There is considerable saving of water in this method of irrigation.

Fertigation

• Sugarcane being a giant crop producing huge quantity of biomass generally demands higher amounts of nutrient elements.

• The cost of chemical fertilizers has also increased and there is a need to improve fertilizer use efficiency for more benefits. The best answer to this challenge is "Fertigation", where both water and fertilizers are delivered to crop simultaneously through a drip irrigation system.

• Fertigation ensures that essential nutrients are supplied precisely at the area of most intensive root activity according to the specific requirements of sugarcane crop and type of soil resulting in higher cane yields and sugar recovery.

Concept of fertigation

• Fertigation is the judicious application of fertilizers by combining with irrigation water.

• Fertigation can be achieved through fertilizer tank, venturi System, Injector Pump, Non-Electric Proportional Liquid Dispenser (NEPLD) and automated system.

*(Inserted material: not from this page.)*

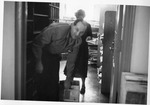 Library staff setting up Fraser Hall Library (interior) by SUNY Geneseo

• Recommended Nitrogen & Potassium @ of 275 and 112.5 kg/ha  may be applied in 14 equal splits with 15 days interval from 15 DAP.

• 25 kg Nitrogen and 8 kg K2O per ha per split.

• Urea and MOP (white potash) fertilizers can be used as Nitrogen and Potassium sources respectively.

• Fertigation up to 210 DAP can also be recommended.

Requirement & Type of Water soluble fertilizers in Sugarcane
Recommended dose: 275: 62.5:112.5 kg NPK / ha
For Fertigation recommended: 275:15:112.5 NPK / ha

• Distribution of plant nutrients more evenly throughout the wetted root zone resulting in increased nutrient availability & uptake contributing to higher crop growth rates and cane yields

• Supply of nutrients incrementally according to the crop developmental phases throughout the season to meet the actual nutritional requirements of the crop

• Careful regulation and monitoring the supply of nutrients

• Application of nutrients to the soil when crop or soil conditions would otherwise prohibit entry into the field with conventional equipment

• Minimal nutrient losses through consumption by weeds, leaching and runoff

• No damage to the crop by root pruning, breakage of leaves, or bending of leaves, as occurs with conventional fertilizer application methods/equipment

• Less energy is expended in application of the fertilizer

• Usually less labour & equipment are required for application of the fertilizer and to supervise the application

• Soil compaction is avoided because heavy equipment never enters the field

• No salt injury to foliage

• Allows rising of crop on marginal lands, where accurate control of water and nutrient ion in the plant's root environment is critical.